A bank manager has been presented with a new brochure that was designed to be more effective in attracting current customers to a personal financial counseling session that would include an analysis of additional baking services that could be advantageous to both the bank and the customer. The manager's assistant, who created the new brochure, randomly selects 400 current customers, then randomly chooses 200 to receive the standard brochure that has been used in the past, with the other 200 receiving the promising new brochure that he has developed. Of those receiving the standard brochure, 35% call for more information about the counseling session, while 42% of those receiving the new brochure call for more information. Using the 0.10 level of significance, is it possible that the superior performance of the new brochure was just due to chance and that the new brochure might really be no better than the old ones?

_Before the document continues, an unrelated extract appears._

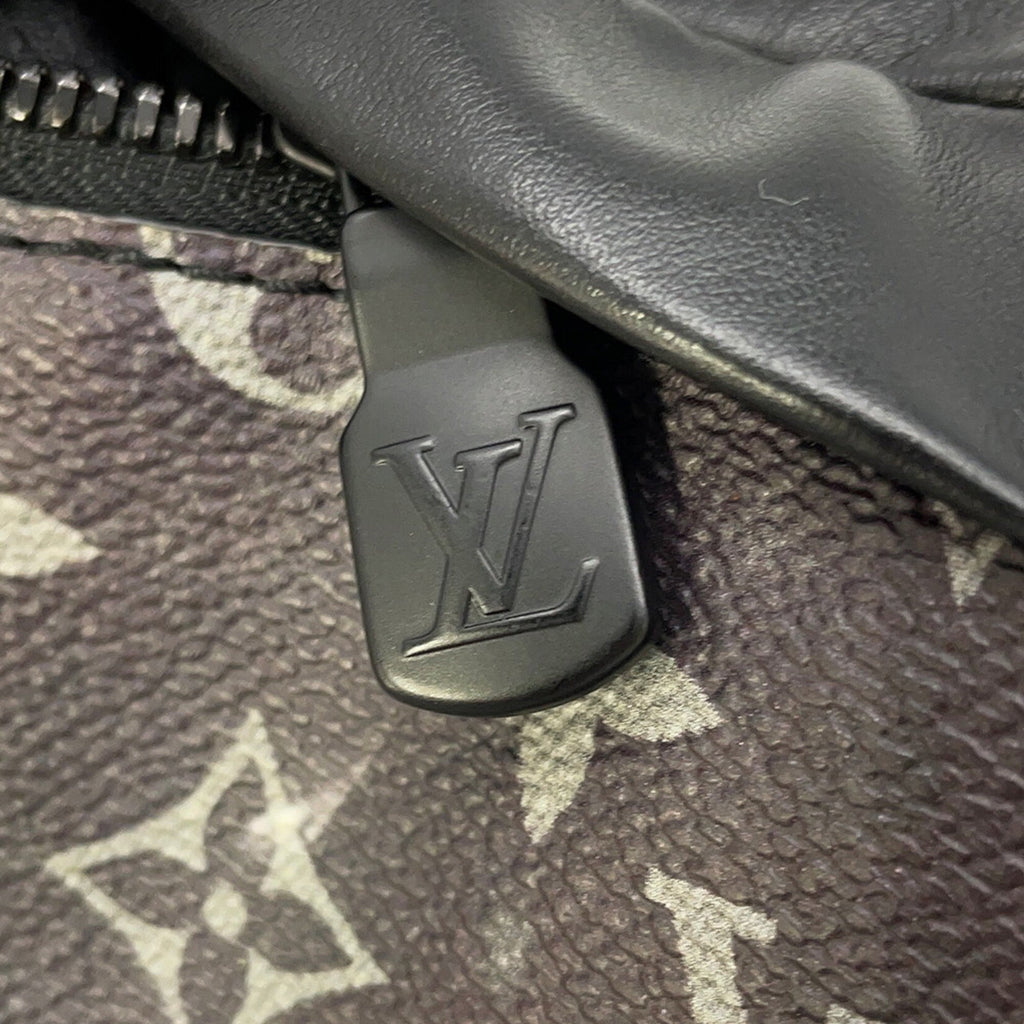 Louis Vuitton Black Noir Sling Bag (Pre-Owned)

To determine whether the superior performance of the new brochure is just due to chance or if it is actually better than the old brochure, we can conduct a hypothesis test. In this case, we want to compare the proportion of customers who call for more information between the two groups (standard brochure vs. new brochure).
We can set up the following hypotheses:
Null hypothesis (H0): The new brochure is no better than the old brochure. The proportion of customers who call for more information is the same for both groups.

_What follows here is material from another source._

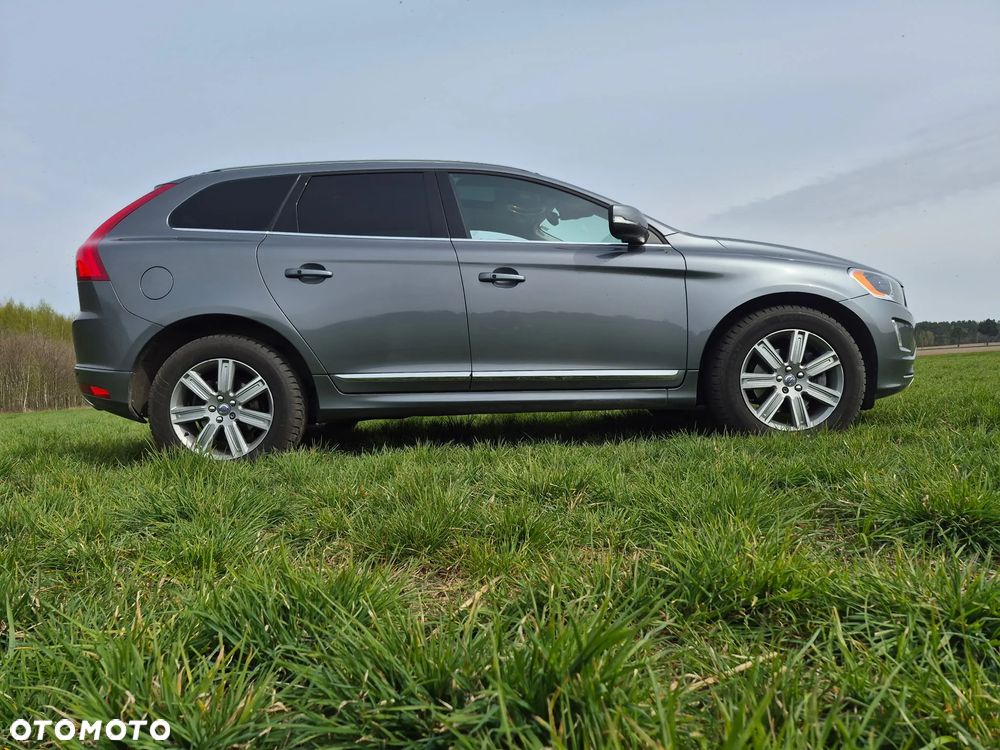 Volvo XC 60 T5 Geartronic Momentum - 3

Alternative hypothesis (Ha): The new brochure is superior to the old brochure. The proportion of customers who call for more information is higher for the new brochure group.
Now, let's follow these steps to conduct the hypothesis test:
Step 1: Define the level of significance (alpha)
In this case, the significance level is given as 0.10. This means that we are willing to accept a 10% chance of making a Type I error, which is rejecting the null hypothesis when it is true.
Step 2: Calculate the test statistic
To calculate the test statistic, we use the formula for the test of two proportions:
z = (p1 - p2) / sqrt(p * (1 - p) * (1/n1 + 1/n2))
Where:
- p1 is the proportion of customers calling for more information in the new brochure group
- p2 is the proportion of customers calling for more information in the standard brochure group
- p is the pooled proportion, calculated as (x1 + x2) / (n1 + n2)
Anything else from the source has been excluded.